I urge Joshua to accept the pacifier clipped to his shirt. “Well, I delivered on Mother’s Day. I lay down for a nap—”
“No,” Francie interrupts. “Before that. Start with the pregnancy.”
“Oh, okay. Let’s see. So, Dr. H didn’t want any more kids. He claims I tricked him, but I was on the pill. I’m the one percent.” I laugh. “Not that one percent. The other one. The one the birth control package warns you about.”
“Dr. H?”
“My psychiatrist. Joshua’s dad. I called him my boyfriend once.” I cringe, remembering that moment at the bar in Queens, next to the hotel where we’d sometimes meet. “My boyfriend will have another whiskey sour,” I told the bartender, a woman in her seventies, plastic earrings dangling from her stretched lobes, a Styrofoam cup swimming with cigarette butts between the dusty bottles of flavored vodka behind her.
She turned to make the drink, and he seethed beside me. “Don’t ever call me that again,” he whispered in my ear, his hand gripping my thigh, leaving five purple dots I discovered later that night as I undressed for him. “We’re not a pair of fucking teenagers.”
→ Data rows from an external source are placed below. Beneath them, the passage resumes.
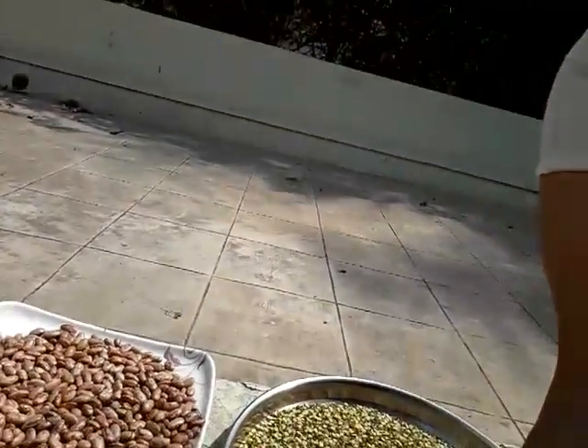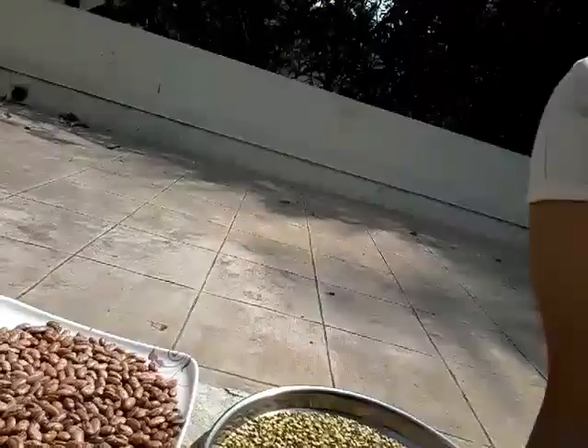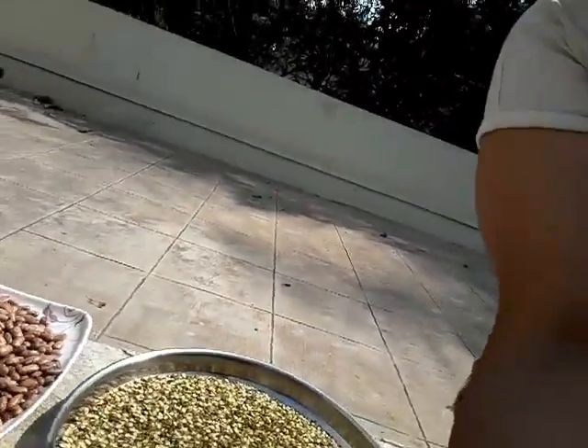I have all these Rajma which we use for years. I have all these seeds stored for 2-3-4 days.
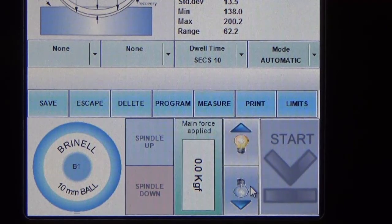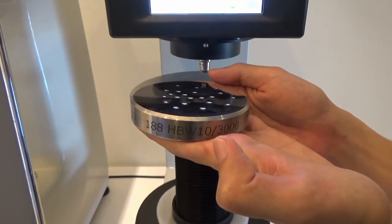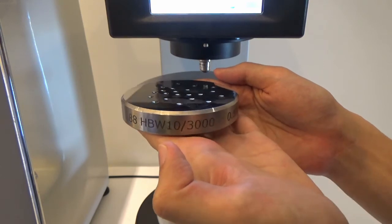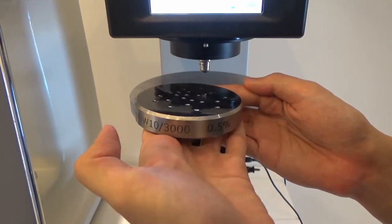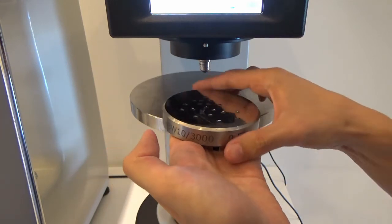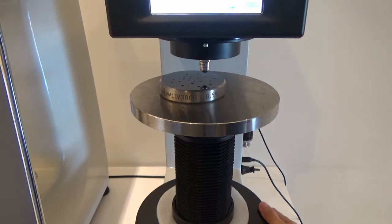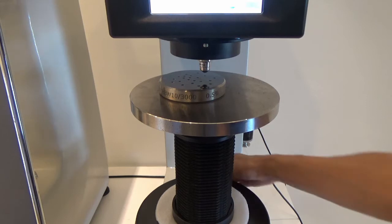Without further ado, let us proceed to do some sample testing. We are going to run a test using this test block from Innova Test, which has a Brinell hardness value of 188 and uses a 10 mm indenter as well as 3,000 kg of force, with 0.5% tolerance. First, you just need to place the test block onto the sample stage, find a clean surface, and then turn up the spindle so the sample surface touches the indenter.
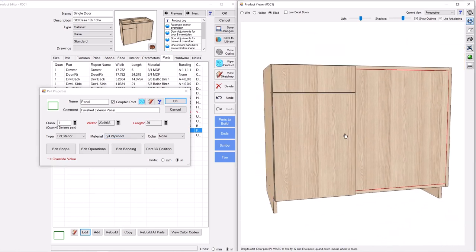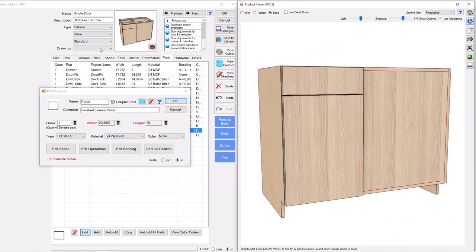At this point, go ahead and rename this item to whatever you want and save it to the library. You've got a great parametric blind corner cabinet. We'll see you at the next video.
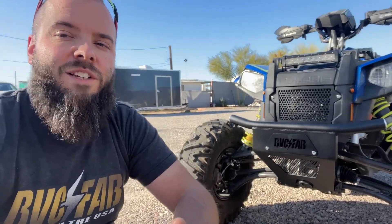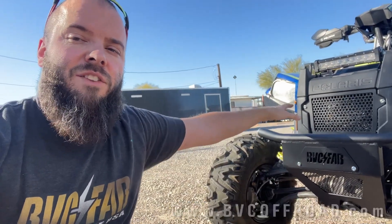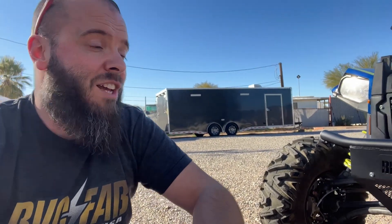If you guys want to order something like this, head over to our website, bvcoffroad.com. I'm going to have all the info and pricing on the bumper assembly and this grill guard. If you guys enjoyed videos like this and want to see more in the future, definitely comment. Let me know if you like these Polaris Scramblers — I think they're awesome, quite possibly the future of ATVs. Let us know in the comments what you want to see in the future, and we'll see you in the next video.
“He’s married,” I tell Francie. “But we were together for two years.” I roll my eyes. “You know, on and off.”
Francie nods. “Is he the one parking the car right now? Your husband?”
“Hmmmm?” Oh right. I’d said that earlier. “No. I don’t have a husband.”
“So Dr. H—”
“We haven’t spoken in months, since I told him I was going to keep Joshua. He’s kind of nuts. Narcissistic personality disorder, if you ask me. It makes it hard for people to love others. I learned about it from him, in fact. The only person your father was capable of loving was himself. That’s what Dr. H always said, but swear to god, he could have been talking about himself.” I’m surprised to feel a lump growing in my throat. This isn’t easy to talk about.